I am investigating a format string vulnerability on arm64 (linked against musl libc), and am encountering some odd behavior while debugging the output.
From the decompilation, the program has a classic format string vulnerability that boils down to:
fprintf(stdout, user_controlled_data);
Using repetitive format specifiers (e.g. %p%p%p%p
), I can dump massive swaths of memory by including thousands of these characters. That works as expected.
The problem arises when I try direct parameter access. For some reason, %1$p
works but not %2$p
, but 3 up to about 12 works, and everything I've tried after that fails.

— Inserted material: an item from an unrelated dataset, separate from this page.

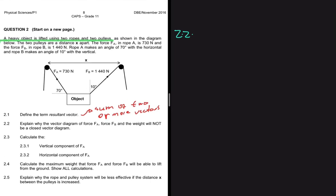Looking at our statement, the first line underlined in green says that a heavy object is lifted using two ropes and two pulleys. If an object is being lifted, we cannot have a closed vector diagram because clearly the forces are not balanced. The object is lifted, moved upwards, and as a consequence there will be a resultant net force which is not equal to zero. So we cannot have a closed vector diagram.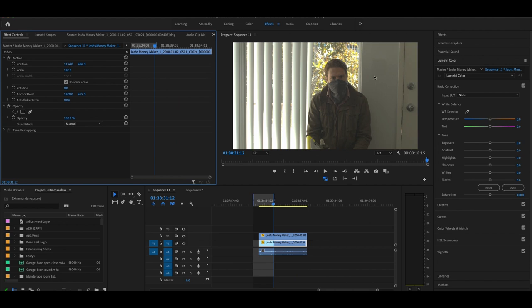But you know, to the eye and to the trained eye and some of the untrained eye, you can still see there was a square there. So what can we do? Well, also, be careful with scaling.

By "fails", I mean no values are printed, except the newline automatically added to my string earlier in code is eaten somehow. In the debugger, fprintf
returns -1, and errno
is set to 0x16, which I believe is EINVAL.
For this particular scenario, I need the ability to read/write a particular stack offset in the thousands. But I cannot print it to confirm since direct parameter access does not work. I can see the target parameter by using repeated characters, but I need direct parameters to work going forward due to other constraints.
Now, I understand this is in "undefined behavior" territory, but I compiled a vulnerable test binary (statically linked against Glibc, I should probably try against musl) on the system that works as expected with no issues (e.g. %9000$p
prints something).
Is there something that would cause this behavior, or something I am missing? I can provide further information if needed.